In the realm of spine surgery, a robot-assisted system is predominantly utilized for pedicle screw placement, presenting increased accuracy and diminished radiation exposure compared to traditional fluoroscopy [18]. Despite the similarities to O-arm navigations, a robot-assisted system could provide more precise physical guidance for surgeons to execute the surgical plan. Endoscopic lumbar fusion requires recurrent fluoroscopy for percutaneous pedicle screw insertion because the entry points of the pedicle screw are not visible. Therefore, the role of robotic-assisted surgery is more significant in endoscopic TLIF, and the safety and efficacy of the robot-assisted system in PE-TLIF have been well-validated by Chang et al. [19]. With the advent of an autonomous robotic system, decompression and facetectomy by a robot in endoscopic TLIF may be realized in the near future.

8.2 Mixed reality

Mixed reality (MR) technology is a combination of virtual reality and augmented reality, which anchors 3D hologram into the physical object and establishes an interactive feedback loop between the virtual and real world. In surgery, with the MR, a 3D anatomical model based on patients’ imaging data could be seamlessly integrated into the real surgical site, enabling surgeons to have a 3D vitalization and get real-time interaction. MR has been applied in various spine surgery, mainly for pedicle screw fixation [20]. Although it is similar to conventional navigation, MR is more adequate to facilitate synchronization between the image and the surgical field. Butler et al. reported the first case series of 164 patients with percutaneous pedicle screw fixation under the MR system [21]. In this study, only 3 minutes and 54 seconds were required from registration to placement for each screw, and high accuracy was achieved. Therefore, with the development of display and wearable devices, MR has the potential to be routinely used in endoscopic TLIF in the future.

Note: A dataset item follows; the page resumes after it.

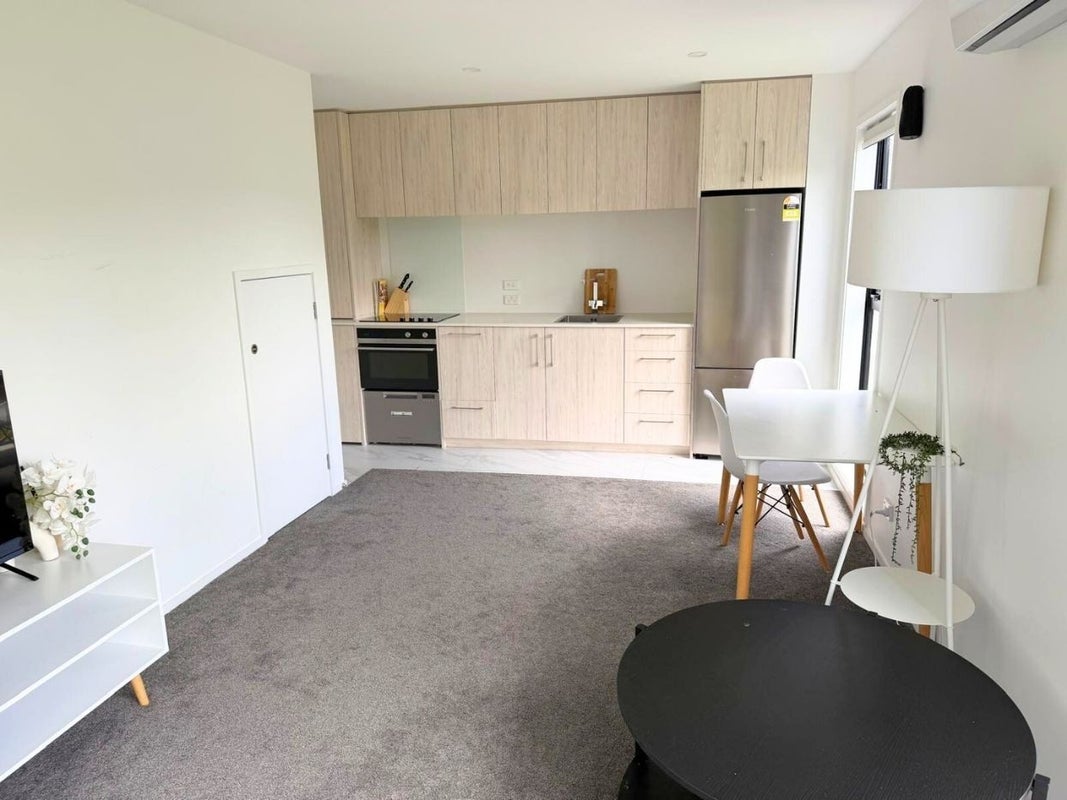10/172 Don Buck Road, Massey, Auckland - Carousel 2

8.3 Artificial intelligence–based surgical planning and implants design

A variety of AI automatic surgical planning and implant design systems for spine surgery have been reported. Caprara et al. employed an AI preoperative planning system to find the optimized pedicle screw trajectories by maximizing the CT-derived bone mechanical properties [22]. Recently, Ma et al. developed an innovative CT image-based AI technique for screw trajectory planning, including components of automatic vertebral detection, auto-simulation of pedicle screw placement, bone mineral density estimation, and screw pull-out simulations [23]. The optimized trajectories demonstrated significantly higher bone mineral density and pull-out force than the conventional trajectories, which would especially benefit patients with osteoporosis. Similarly, AI automatic design system for fusion cages was also developed. In addition to morphological matching, the fusion cages designed by this system have personalized biomechanical adaptability. Compared to titanium alloys or PEEK fusion cages, it possesses a more gradual stepwise elastic modulus, which matches the bone strength of patients. It is no doubt that the AI-based surgical planning and implant design system would provide more appropriate and personalized surgical planning for each patient, and it would have an important role in endoscopic TLIF surgery to further improve clinical outcomes.